There was an old outline in the files for another book in the General series, a series that had begun with S.M. Stirling writing five books using Drake outlines, and then, when Stirling moved on to other projects, with Eric Flint writing two more books. Eric also moved on to other endeavors—most notably his very successful Ring of Fire alternate history series.
The detailed origin of the General series can be found elsewhere, but the short version is that Jim Baen came up with the idea, and had his best friend and trusted author, David Drake, write up outlines for a series. These outlines were not short, three-page deals. No, each outline was quite detailed, and filled with suggestive opportunities for subplots and characters. The outline I used was about fifteen thousand words long. In the end, I couldn’t hold it to just one book, but had to make two out of it. These were the General series books The Heretic and The Savior.
I wrote The Heretic without meeting or consulting with David Drake once. All I knew was that he’d okayed me with Toni Weisskopf. When I turned in my draft of the book, I metaphorically held my breath.
Okay, I literally held my breath several times when I checked email to see if Dave had responded.

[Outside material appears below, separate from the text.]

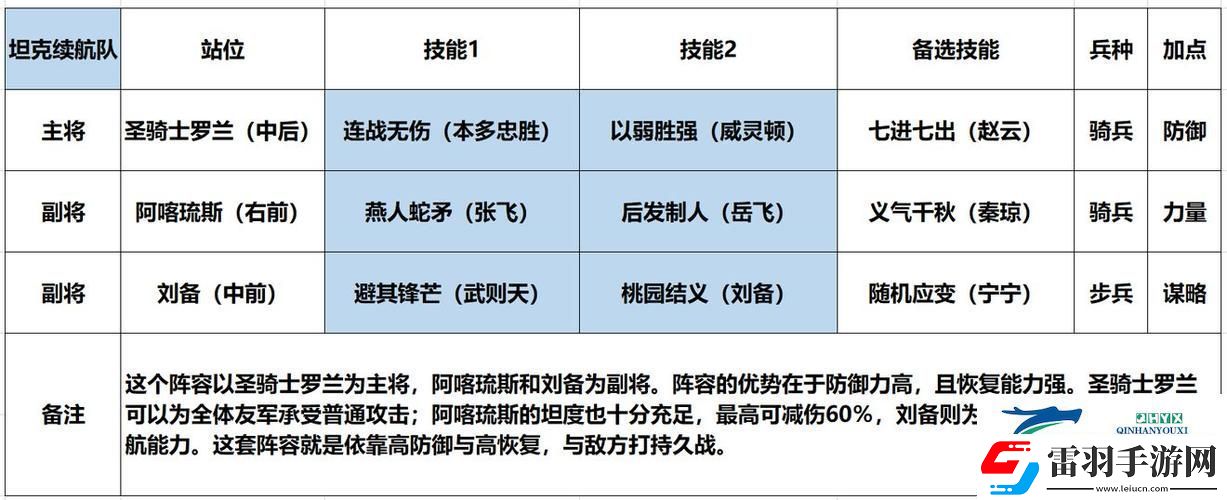 劉備領(lǐng)銜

Dave got back within a few days. I’d expected weeks of anxious waiting.
“This is fine; I will put my name on it,” was the upshot of his comments. There were a few notes, easy to incorporate, and that was it. I spoke with Toni Weisskopf about Dave’s response.
“I guess he was good with the book,” I said. “I hope he wasn’t gritting his teeth when he approved it.”
Toni laughed. “You don’t understand. I’ve seen some of the responses Dave can give and has given. Dave liked it.”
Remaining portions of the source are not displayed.